Even the loans that African countries receive on commercial and on concessional terms, Mr Mkude said, are part of what the global worlds decides to invest in the continent after a thorough analysis of the economic growth prospects.

“The positive economic trends in Africa have led financial institutions to increasingly approve loans for investors in the region. It is a significant shift as foreign financial institutions previously hesitated to lend to African investors,” he said, cautioning against taking loans that carry exorbitant interest rates.

Africa, said Mr Mkude, has immense potential to drive economic growth for decades to come.

With its fertile land suitable for production and abundant natural resources, including minerals, many parts of the world are eager to engage in business on the continent.

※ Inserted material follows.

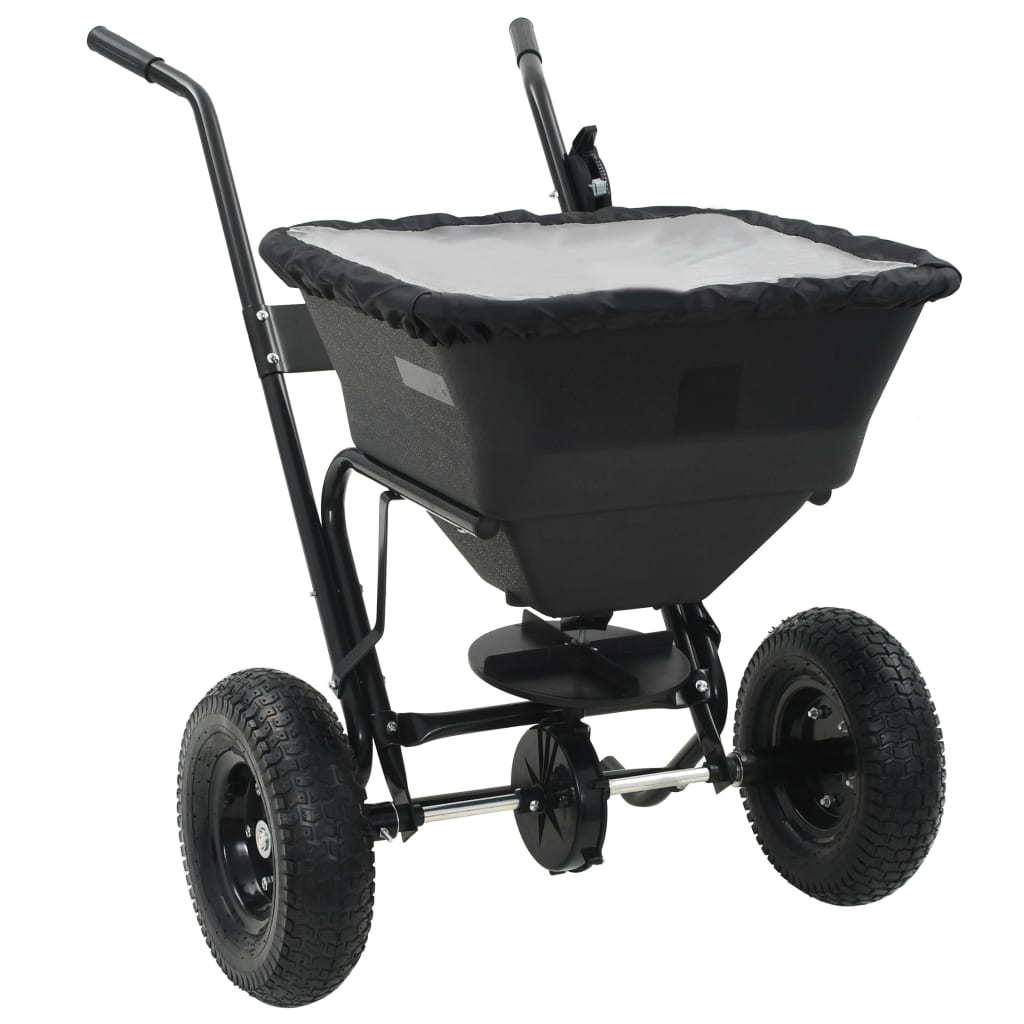 Vidaxx saleur modèle poussoir 45 l 106x73x76 cm PVC et acier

“As such, strengthening the transportation sector is crucial in facilitating this…The concept of globalization cannot be fulfilled without robust transportation infrastructure. Beyond its natural resources, Africa also presents a promising market for exports, necessitating efficient transportation networks,” said Mr Mkude.

The new move by Adani reminds just how major global maritime investors, including Maersk, Bolloré, CMA-CGN, China’s COSCO, DP World, Adani, International Container Terminal Services, and Hutchison Port Holdings, have significantly increased their investments in Africa.

A report by Agility earlier this year found that over 47 percent of surveyed logistics executives worldwide plan to increase their investments in Africa.

Experts attribute the growing investment interest in Africa's freight and logistics sector partly to the increasing demand for the continent's critical minerals.

“There is no question that Africa's resources hold global significance. As global demand for these resources continues to rise, more companies are increasingly interested in understanding how to transport them efficiently,” Mr Silvanus Aswani, a supply chain manager at the port of Lamu, told the bird story agency recently.

The critical minerals market doubled in five years, between 2017 and 2022, reaching $320 billion, according to the 2023 Critical Minerals Market Review report by the International Engergy Agency. Africa hosts substantial portions of these critical mineral resources.

The demand for these metals is projected to increase sharply, more than doubling by 2030 and quadrupling by 2050. Annual revenues are projected to reach $400 billion, the IEA report detailed in an article published recently by bird agency.